At the Becker's Hospital Review 5th Annual CEO Strategy Roundtable on Nov.14, industry experts discussed how healthcare reform impacts ambulatory surgery centers and group practices.

 

1048Greg Koonsman, Senior Partner of VMG Health, and Wesley Curry, MD, CEO of CEP America honed in on how healthcare reform will affect ASCs and group practices in the session moderated by Amber McGraw Woods, a partner of the Chicago law firm McGuireWoods.

Increased number of insured
The Patient Protection and Affordable Care Act is designed to increase the number of insured, which will directly impact providers. "It is a reasonable assumption that a whole lot of volume will be entering the market, but it is too soon to tell," said Mr. Koonsman. It is uncertain ultimately how many newly insured patients will enter the market. If and when a large influx of patients hits the market, ASCs that have costs tightly under control will stand to succeed.

Dr. Curry observed that he does not expect more than a 2 to 3 percent increase in patient collections. "The ACA will not manufacture more patients, but it will shift the representation of our payer mix," he said.

Payer issues
Reimbursement is a pressing issue for both ASCs and group practices. There is a great deal of concern over government payers, but Mr. Koonsman sees the true pressure coming from another source. "My view today, the real destabilization is occurring in commercial insurance," he said. "Premiums are going to skyrocket." Patients are facing higher premiums, deductibles and copayments. Employers are considering becoming self-insured. As patients begin to make healthcare choices based on price, transparency will become paramount.

Joint ventures
As healthcare reform continues to move forward, ambulatory surgery center leaders are becoming concerned about what will happen to case volume as hospitals rapidly acquire physician groups. A hospital or health system partner is an attractive option. Partnering with a hospital lends ASCs strength in contract negotiation and a large guiding hand through changes in healthcare. At the same time, hospitals and health systems are turning to ASC partnerships to develop a strong, less cost outpatient strategy. While a few surgery centers are being converted to hospital outpatient departments, the majority of hospital ASC partnerships remain joint ventures.

Integrated care
Integrated care is a growing trend, especially as the pressure mounts to make the switch from a fee-for-service delivery of care model to a value-based model. Dr.
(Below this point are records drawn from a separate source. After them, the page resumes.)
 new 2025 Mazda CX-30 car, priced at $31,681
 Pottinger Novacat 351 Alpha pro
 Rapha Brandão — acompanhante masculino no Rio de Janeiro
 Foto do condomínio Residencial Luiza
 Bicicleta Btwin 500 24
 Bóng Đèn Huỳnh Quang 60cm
Curry said that many hospitals will look to emergency department physicians and hospitalists to stand as leaders in the push for integrated care. "ER physicians are the first point of patient contact, combine this with hospitalists and this accounts for 85 percent of hospital admissions," he said. "I think most forward thinking hospital administrators will see ER physicians and hospitalists as a unit."

The number of hospitalists is increasing and collaboration with ER physicians could mean reduction in readmissions. As hospital performance metrics become tied to revenue, physician collaboration will mean cost and performance benefits for hospitals.

ACOs
Both Dr. Curry and Mr. Koonsman observed that pioneer accountable care organizations are not reporting dramatic success. Few major health systems are investing time and money into ACO development while it remains uncertain if this will be a sustainable model. Many physicians remain reluctant to join as well. "There is no mechanism for physicians at a single hospital to collaborate. Everything is happening at a really high level," said Dr. Curry. "It needs to be more local. I don't see these overreaching efforts to be the solution."